Cyber criminals and governments target mobile devices because users do not always secure their devices or practice safe habits. Mobile Device Security is a combination of strategies and tools that secure mobile devices against security threats.
Common best practices of preventing against mobile threats will include securing email communications on mobile devices, for instance, use software that warns people not to click on suspicious links, enforcing their organization’s security policies and requiring mobile users to use a virtual private network (VPN).
Although mobile security components vary based on each organization’s needs, mobile security always involves authenticating users and restricting network access. This is accomplished best with mobile security software.
Harmony Mobile leverages Check Point’s ThreatCloud and award-winning file protection capabilities to block the download of malicious files to mobile devices and prevent file-based cyber-attacks on organizations.
If you need a mobile security solution, Request a free demo of Check Point Harmony Mobile to see how we can protect your mobile devices from cyber-attacks.

Conclusion

Scarlet Mimic seems to be a politically motivated group. In the past, there have been reports from other researchers that it could be linked to China. If true, it would make these surveillance operations part of a much wider issue, as this minority group has reportedly been on the receiving end of attacks for many years.

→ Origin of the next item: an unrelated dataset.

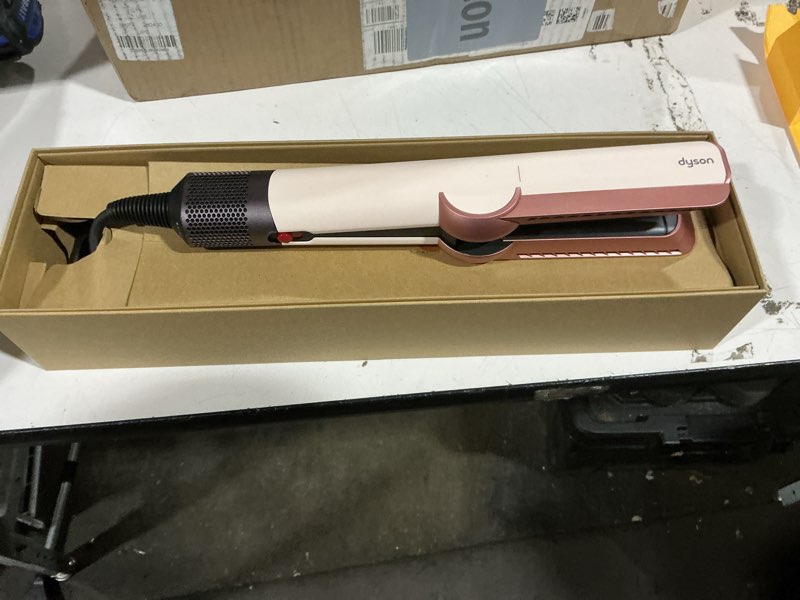 Condition photo showing Good Condition for dyson airstrait™ straightener, wet to dry hair straightener, no heat damage, no hot plates, all hair types ceramic pink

What we do know is that Scarlet Mimic has been carrying out its espionage operations for the last eight years against the Uyghur community using Android malware. The persistence of the campaign, the evolution of the malware and the focus on targeting specific populations indicate that the group’s operations over the years are successful to some extent. This threat group’s shift in attack vector into the mobile sector provides evidence of a growing tendency of extensive surveillance operations executed on mobile devices as the most sensitive and private assets.